_TASK_. When copying the entries below, leave out every picture and keep the rest exact.
━━━ RECORDS
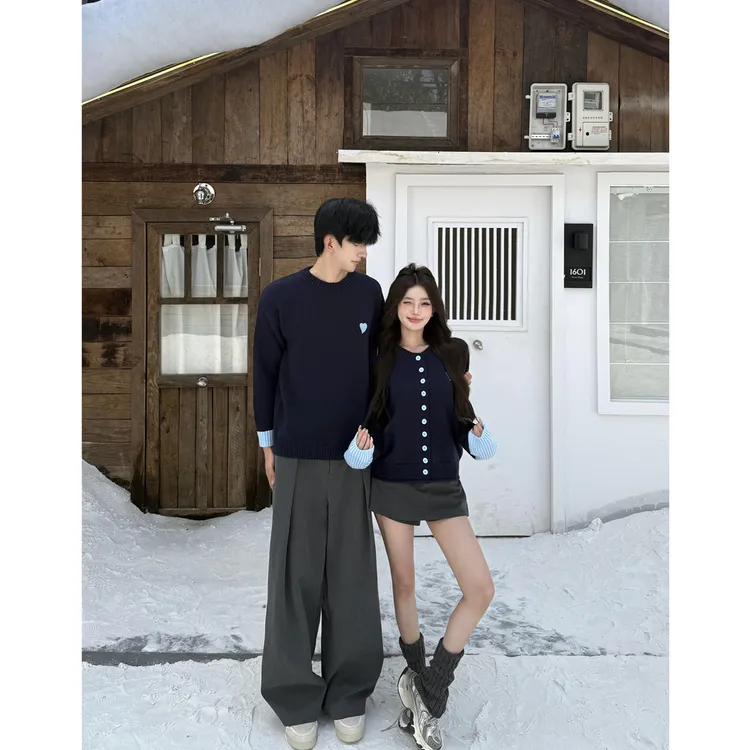 情侣装秋冬2025新款ins超火毛衣男女韩版宽松法式针织衫外套潮牌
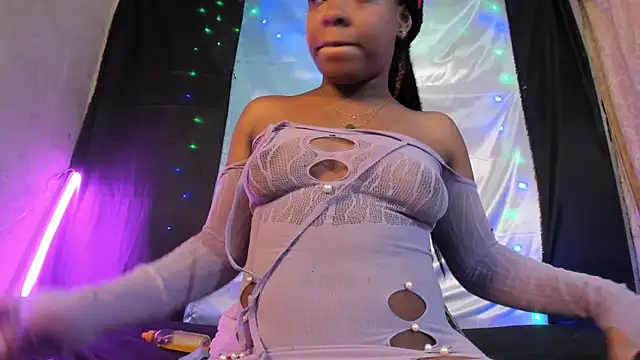 DeisyHarper online show from 12-17-24, 04:56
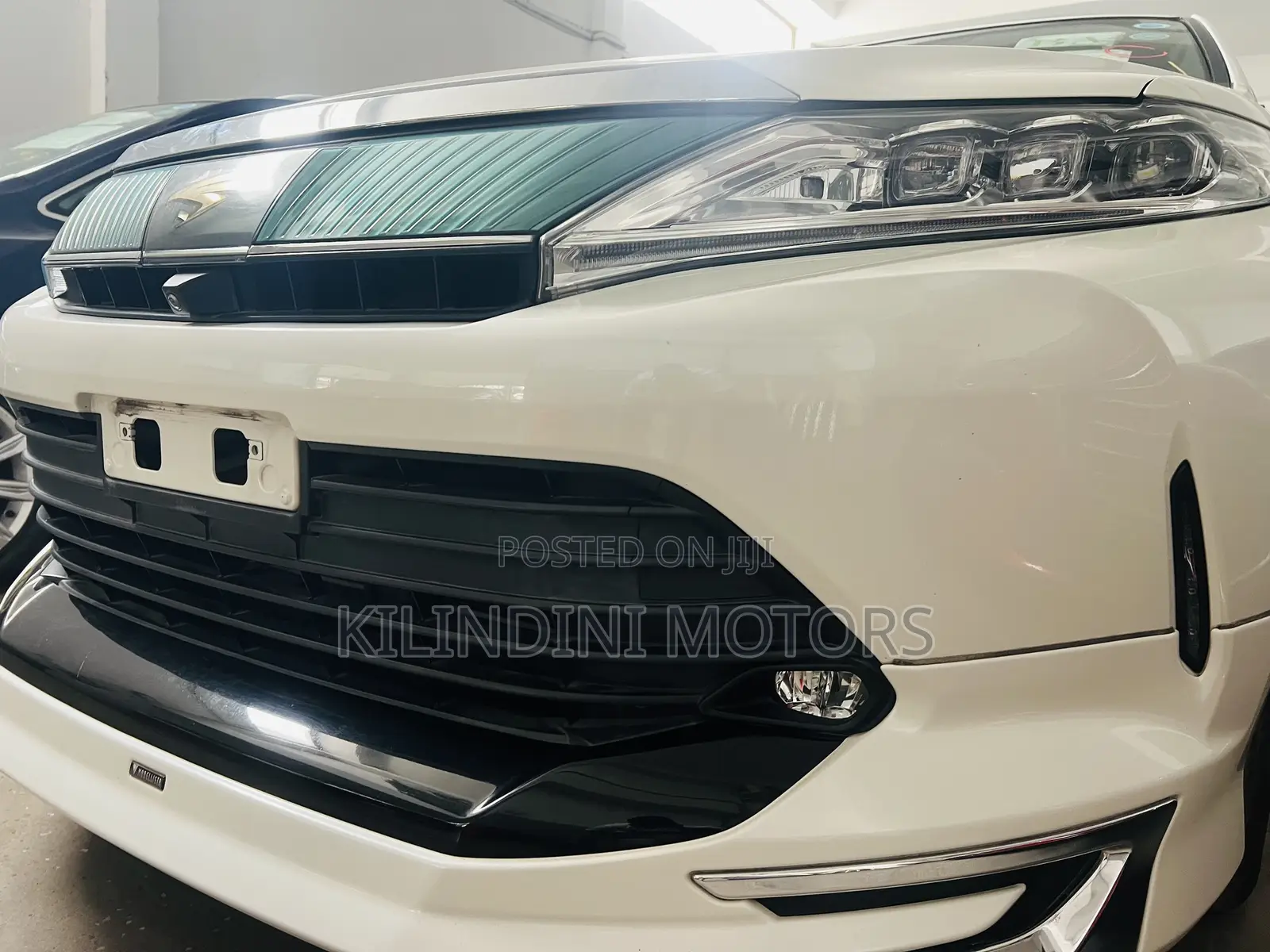 Toyota Harrier 2019 White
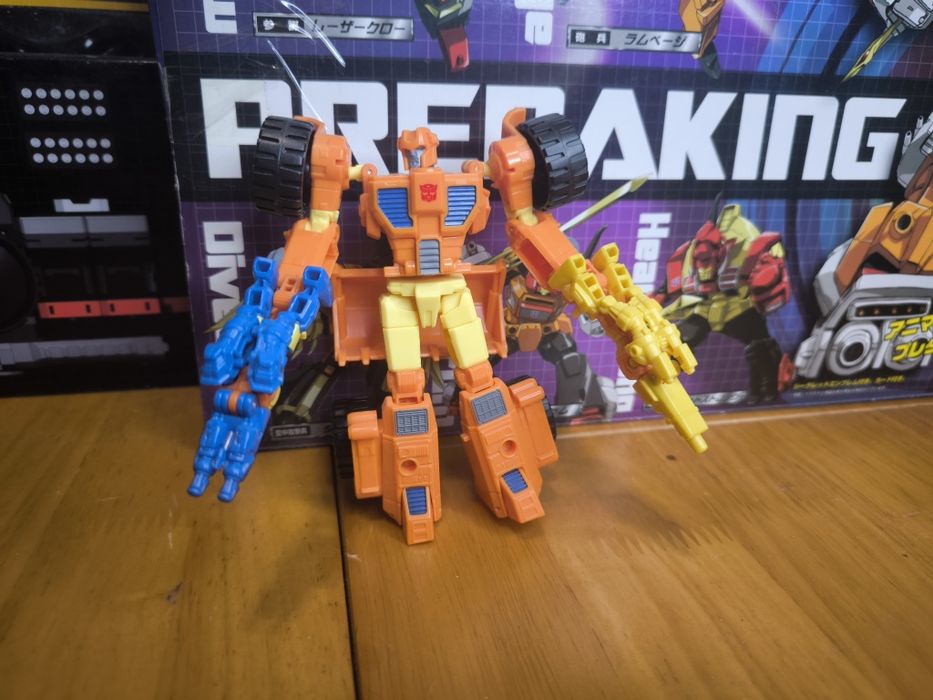 Hasbro Transformers Generations Thrilling 30 Deluxe Autobot Scoop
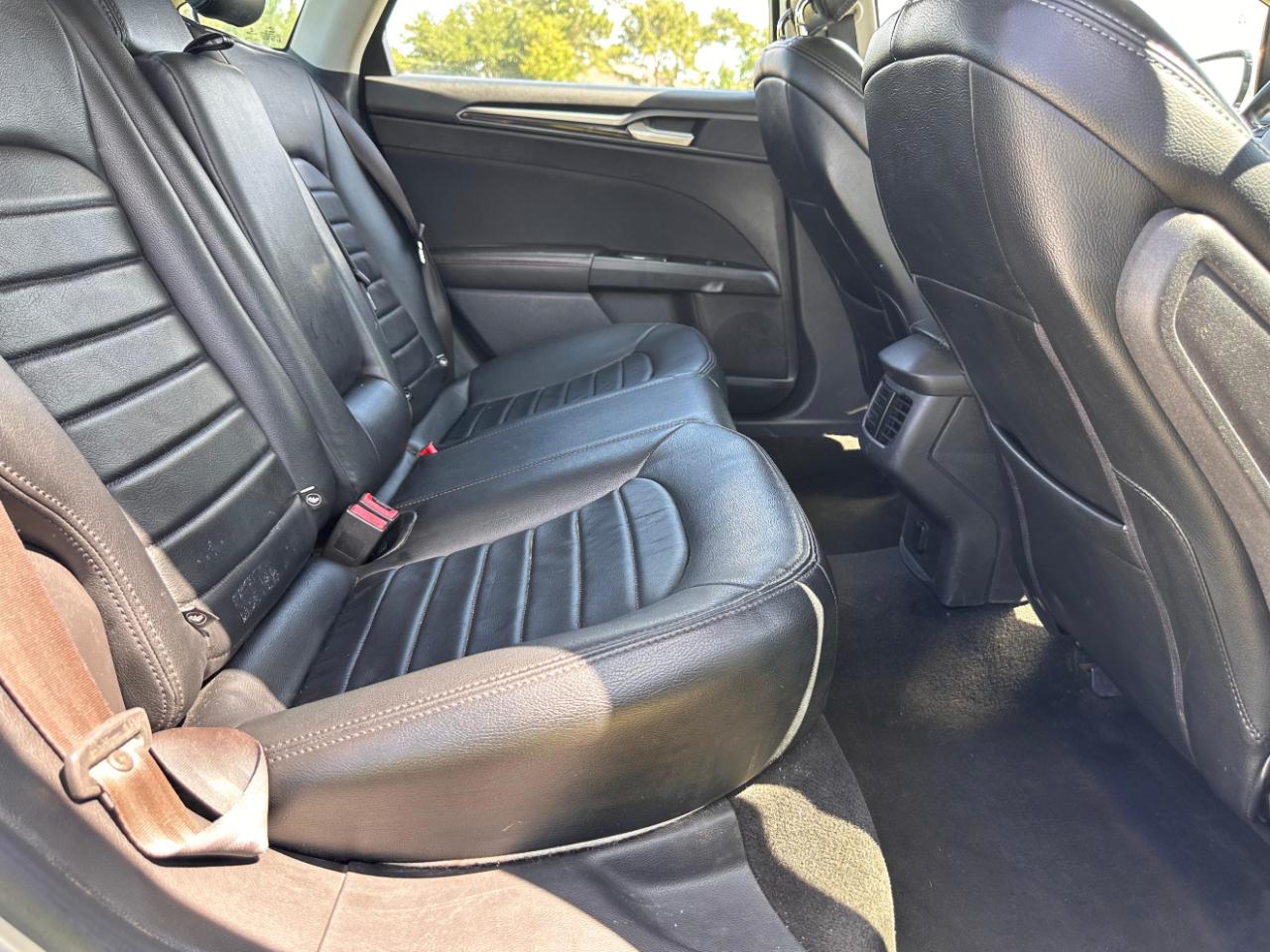 Photo 24 of 2013 Ford Fusion SE for sale in Katy, TX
━━━━━━
_SOLUTION TO THIS TASK_.
 情侣装秋冬2025新款ins超火毛衣男女韩版宽松法式针织衫外套潮牌
 DeisyHarper online show from 12-17-24, 04:56
 Toyota Harrier 2019 White
 Hasbro Transformers Generations Thrilling 30 Deluxe Autobot Scoop
 Photo 24 of 2013 Ford Fusion SE for sale in Katy, TX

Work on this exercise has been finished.